Categories: Astronomy

Astronomy Jargon 101: Cosmic Microwave Background

In this series we are exploring the weird and wonderful world of astronomy jargon! Get a good look at today’s topic: the cosmic microwave background!

The cosmic microwave background, or CMB, is all around you. Indeed, it’s by far the brightest object in the entire universe, responsible for over 99% of all photons.

And it’s a baby picture of the universe.

When our cosmos was very young, it was much smaller, hotter, and denser than it is today. Indeed it was so hot and dense that all the matter in the universe was a plasma, with the electrons ripped out of atoms and constantly mixed up with the high-energy radiation that soaked the universe at the time.

But when our universe was about 380,000 years old, it cooled to the point that the electrons could settle into their little atomic homes, turning our cosmos into a neutral gas of hydrogen and helium.
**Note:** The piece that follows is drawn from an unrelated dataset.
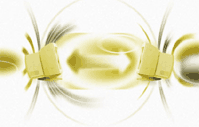 Reciprocal Linking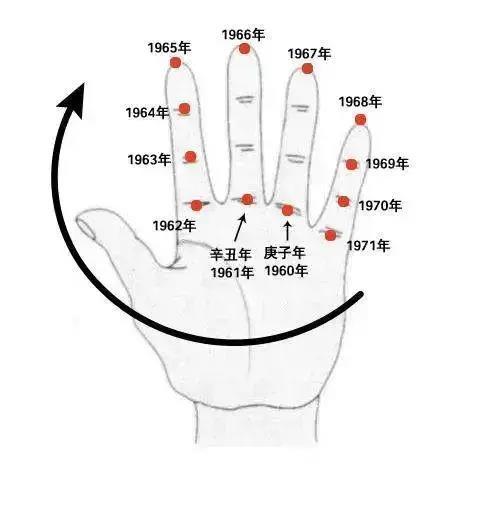 微信图片_20210426090809.jpg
That left all the radiation hanging around with nothing to do, so off it went.

At the time it was released, that radiation was literally white-hot. But as the ages passed, our universe expanded. That radiation cooled, and its wavelength stretched. All the way down to where it today, 13.8 billion years later, in the microwave part of the electromagnetic spectrum.

The CMB was discovered accidentally in the 1960’s once we finally developed sensitive microwave detectors. It confirms that the general story of the big bang is accurate; there are no other theories of cosmology that can explain its existence.

Today, astronomers work with detectors on the ground and in space to make accurate maps of the CMB. The latest all-sky map comes courtesy of the Planck telescope, which was a joint venture between NASA and the ESA. Those maps reveal tiny little temperature differences, no bigger than one part in a million.

Those temperature differences tell us what the universe was like billions of years ago. The temperature differences tell us that the universe wasn’t perfectly uniform – there were also tiny differences in density. Those little seeds would eventually grow up to become galaxies, groups, and clusters…the largest structures in the universe today.